Graphite is vital to the current operation and development of new nuclear reactors due to its use as a neutron moderator and is a key structural component of the core. Despite this, graphite is not well understood on an atomic level as a result of the complex microstructure which influences graphite properties. Computer simulations are limited to small system sizes and short timescales using current modelling methods. Much of the simulated data available does not align with experimental results. Improving the knowledge of graphitic behaviour under irradiation is crucial to extending gas-cooled nuclear reactor life span in the UK. Molecular Dynamics (MD) is used to model graphite in this work. An important component of MD simulations is the choice of potential energy model used.

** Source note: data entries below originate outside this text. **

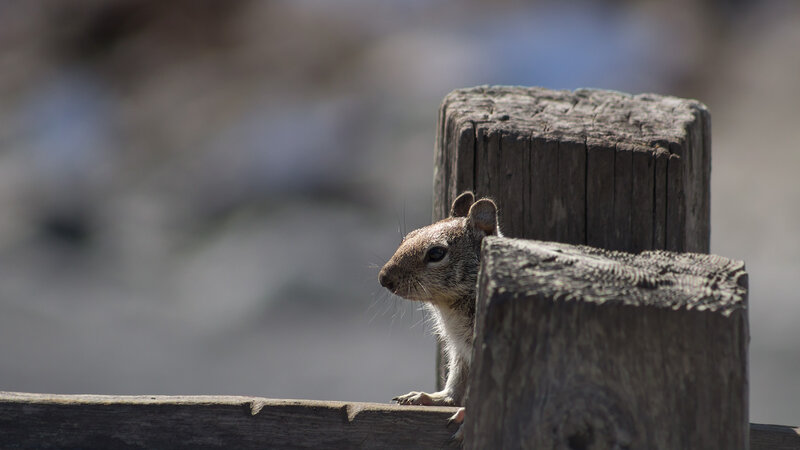 Squirrel Peeking from Post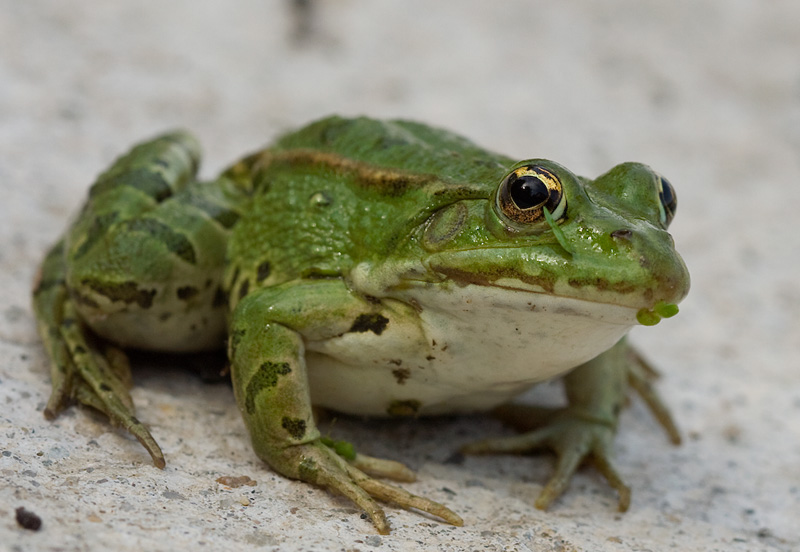 Pelophylax lessonae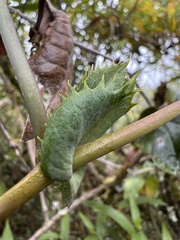 Passiflora loxensis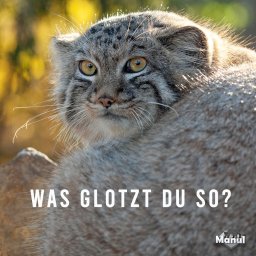 Niemiecki na co dzień - nauka zwrotów i słówek z życia codziennego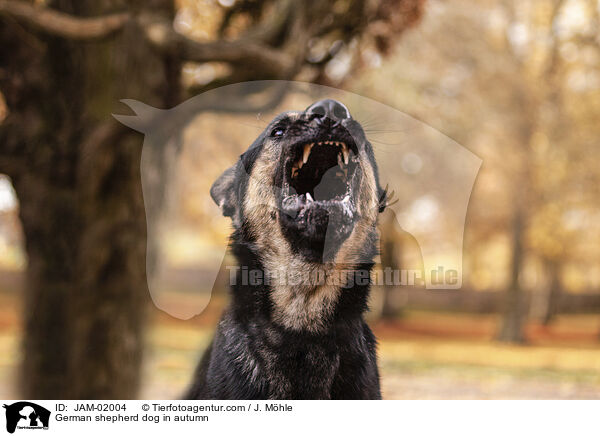 Deutscher Schferhund im Herbst / German shepherd dog in autumn / JAM-02004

Here, a recent ?fitting of the ReaxFF potential is used, while other potentials such as the AIREBO potential are also considered.

The ReaxFF Potential has been employed to model a variety of radiation induced process in graphite. Collision cascades were simulated over a range of energies for statistical analysis in both Bernal and rhombohedral graphites. Generally, the defects produced are point defects, formed through a fractal-like branching structure. These results are in agreement with the Kinchin-Pease model. Analysis of the 22.7 degree and 20.4 degree channels in rhombohedral and Bernal graphite types have shown that there is a significant distance difference in the channelling length due to the size difference in the maximum channelling cross section. X-ray diffraction patterns have been simulated with heating shown to shift signature 00l peaks to lower angles as a direct result of increasing interlayer lattice spacing. The introduction of vacancies and interstitials to otherwise pristine lattice have been observed to produce measurable differences to simulated XRD data. Interstitials cause all peaks to shift to lower angles, due to induced strain in both inter- and intra-layer directions, while vacancies experience less peak broadening as reflection planes are more readily maintained. 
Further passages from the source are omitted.